Insisto que escribo de la privacidad de la reunión. Y si por bulerías se ajustaba a Jerez y al cuplé, y por tientos tenía tendencias gaditana y jerezana, por tanguillos gozaba con La pícara vaca, de Vicente el Loro, que vivía en el jienense Cerro de los Lirios. Ejecutaba, igualmente, los villancicos por bulerías de El Gloria, y por seguiriyas buscaba a Manuel Torre, en tanto que la saeta la dirigía cada madrugada de Viernes Santo a Ntro. Padre Jesús Nazareno, El Abuelo.
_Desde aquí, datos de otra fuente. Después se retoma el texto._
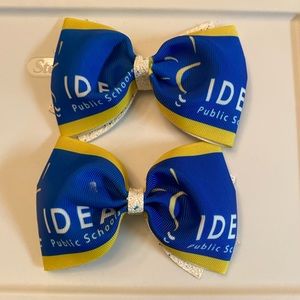 IDEA bows with a clip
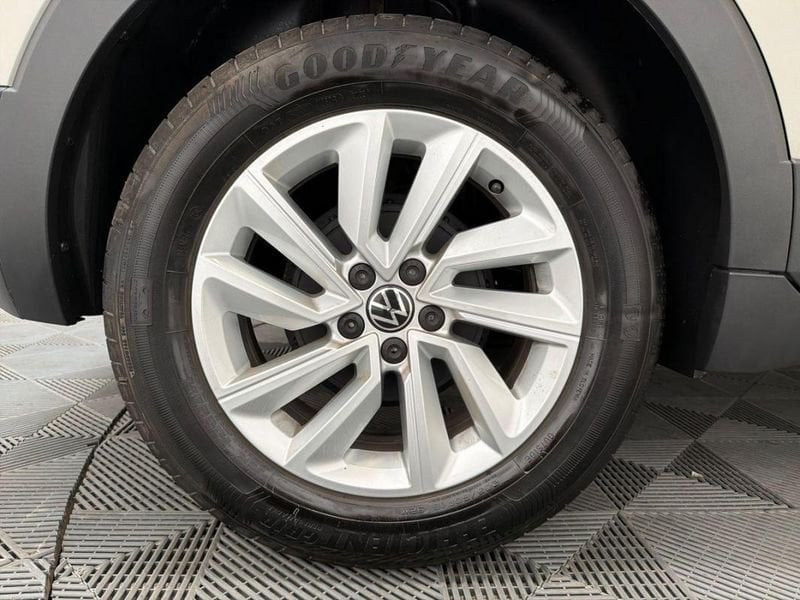 Volkswagen T-Cross 1.0 TSI 95 Start/Stop BVM5 Life Tech 2023 — photo 28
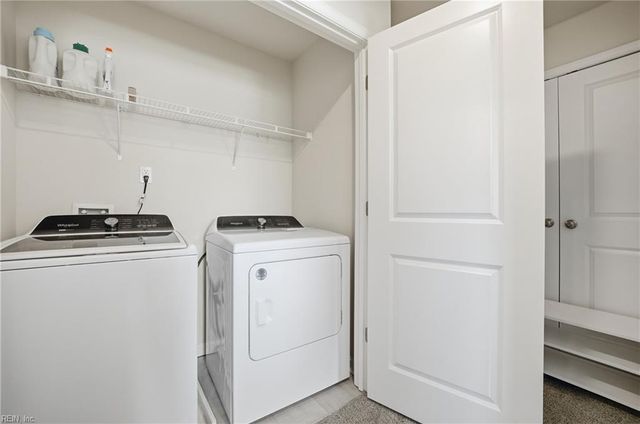 2017 Melbourne ST, Newport News, VA 23608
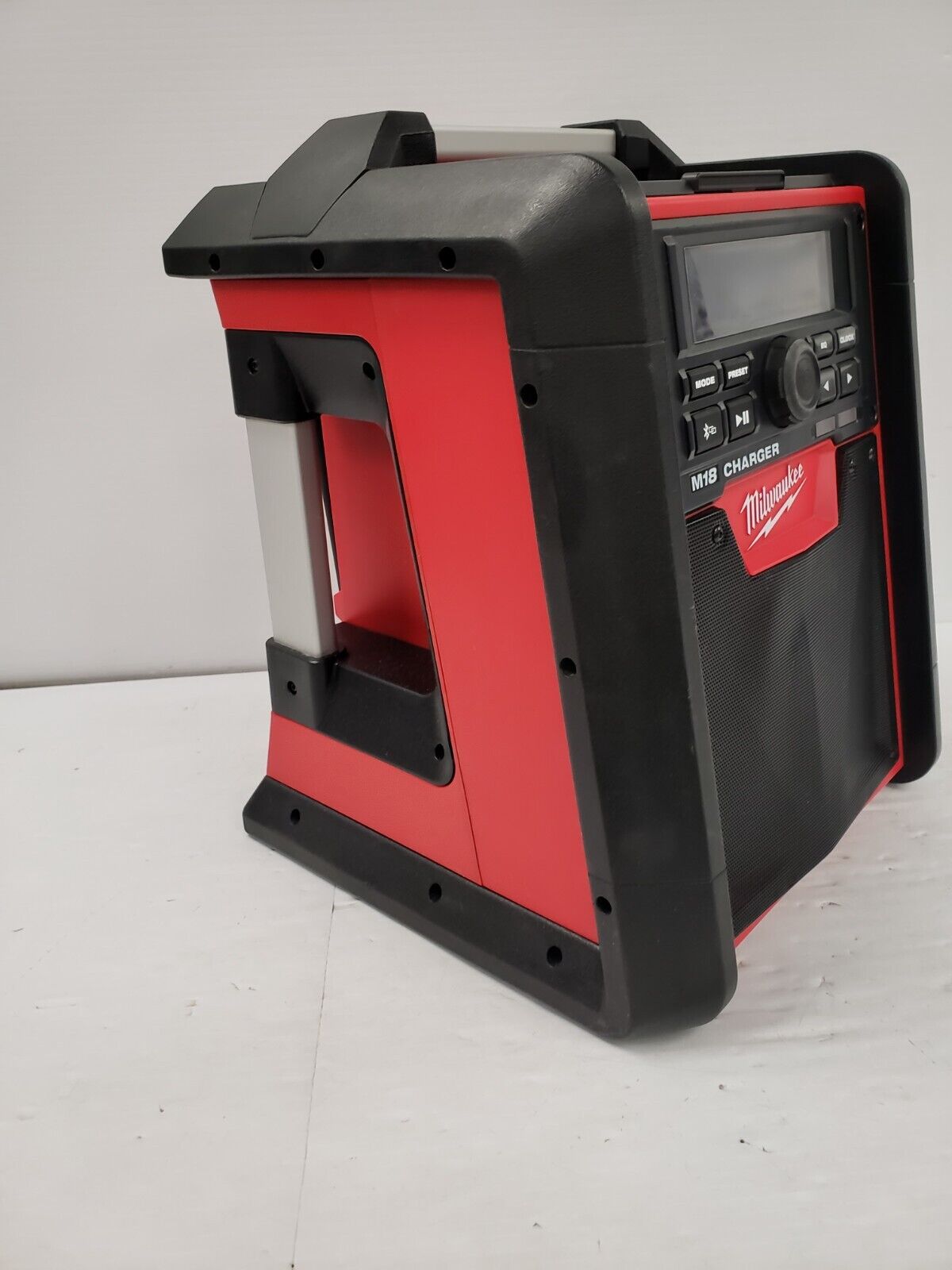 (59883-1) Milwaukee 2792-20 Work Radio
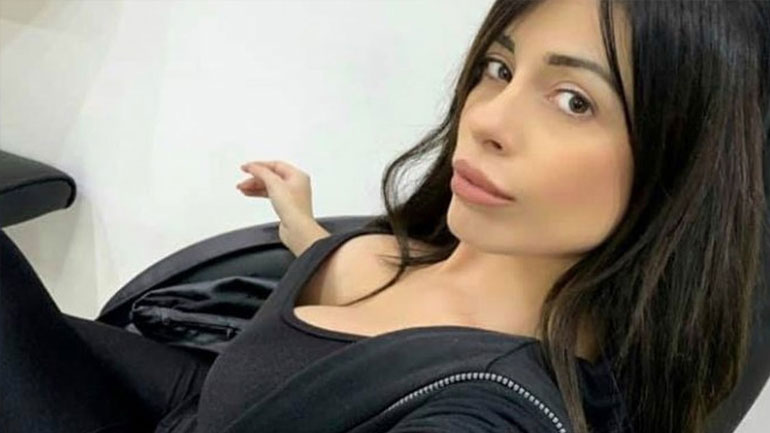 Η Μίνα Αρναούτη περιγράφει τις στιγμές μετά το μοιραίο τροχαίο με τον Παντελή Παντελίδη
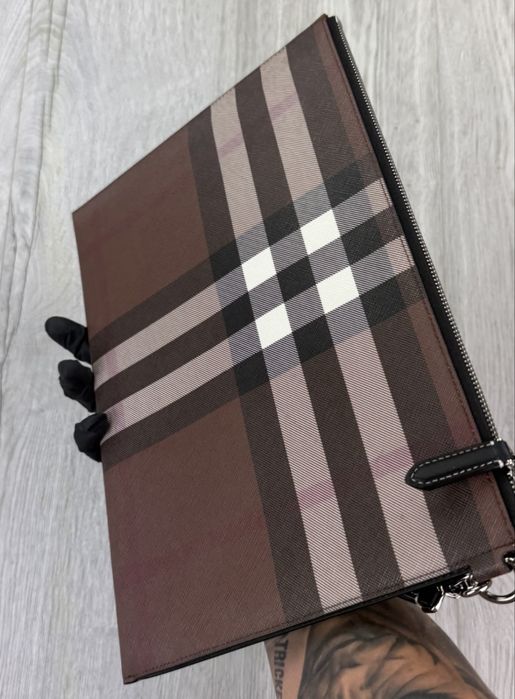 Burberry - Унисекс чанта/клъч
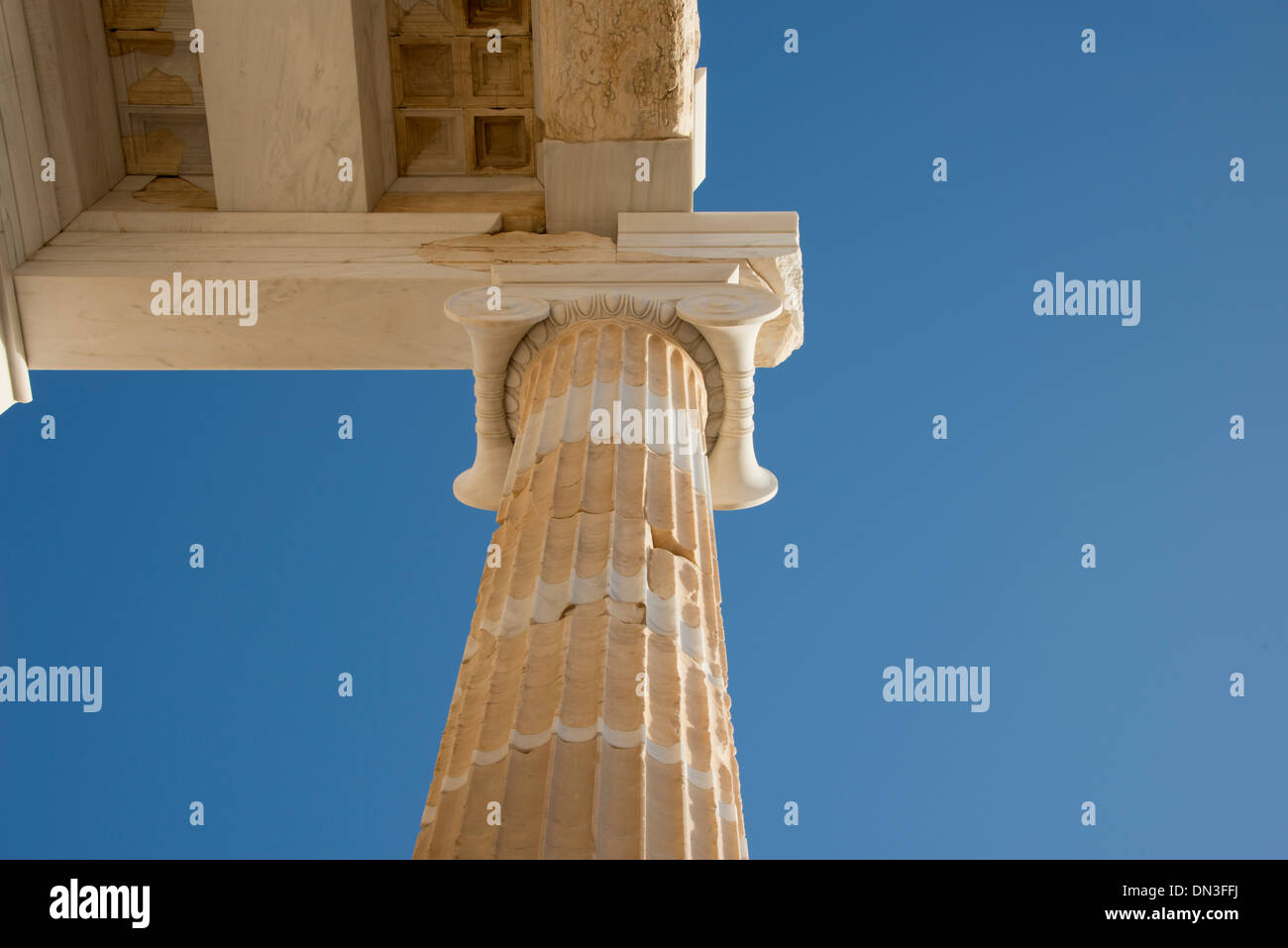 Grèce, Athènes, acropole. Le Parthénon, temple dorique dédié à la déesse Athéna. Détail de colonnes anciennes. Banque D'Images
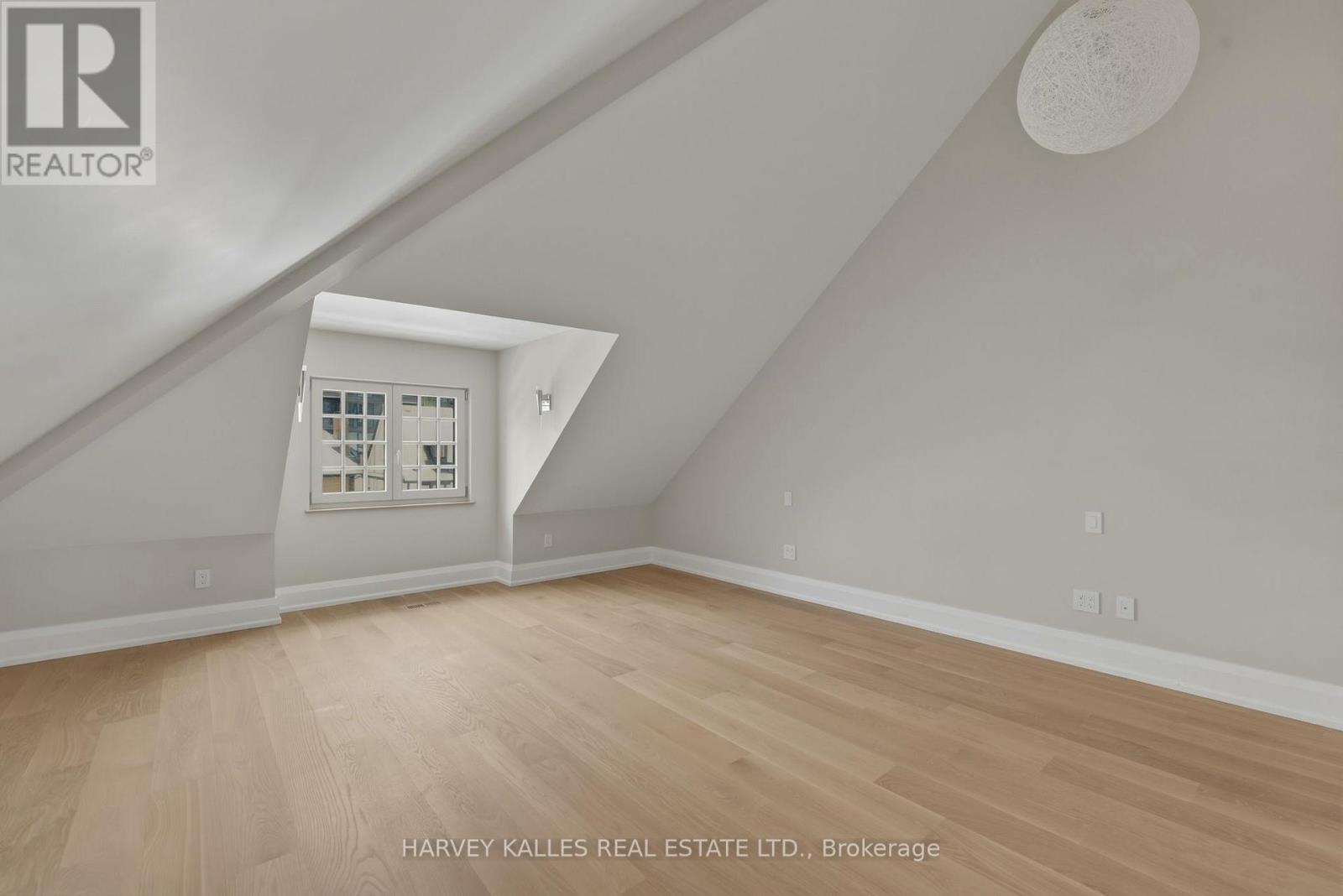 94 B Admiral Road, Toronto, Ontario  M5R 2L6 - Photo 32 - C12850636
Su palo era, con todo, la soleá. Ahí es donde Pepe Polluelas se reencontraba consigo mismo, en la entereza de los tercios que aunque con guiños al Niño de Madrid, otorgamos a La Andonda, La Serneta, El Mellizo y Juaniquín. Y los abordaba como si en la tipología con letras propias anhelara el deseo de volver a otros tiempos, tal que la intención de este recordatorio, que no es sino fomentar el conocimiento para rehabilitar los recuerdos y mantener vigente la memoria de quien nació en Jaén hace cien años.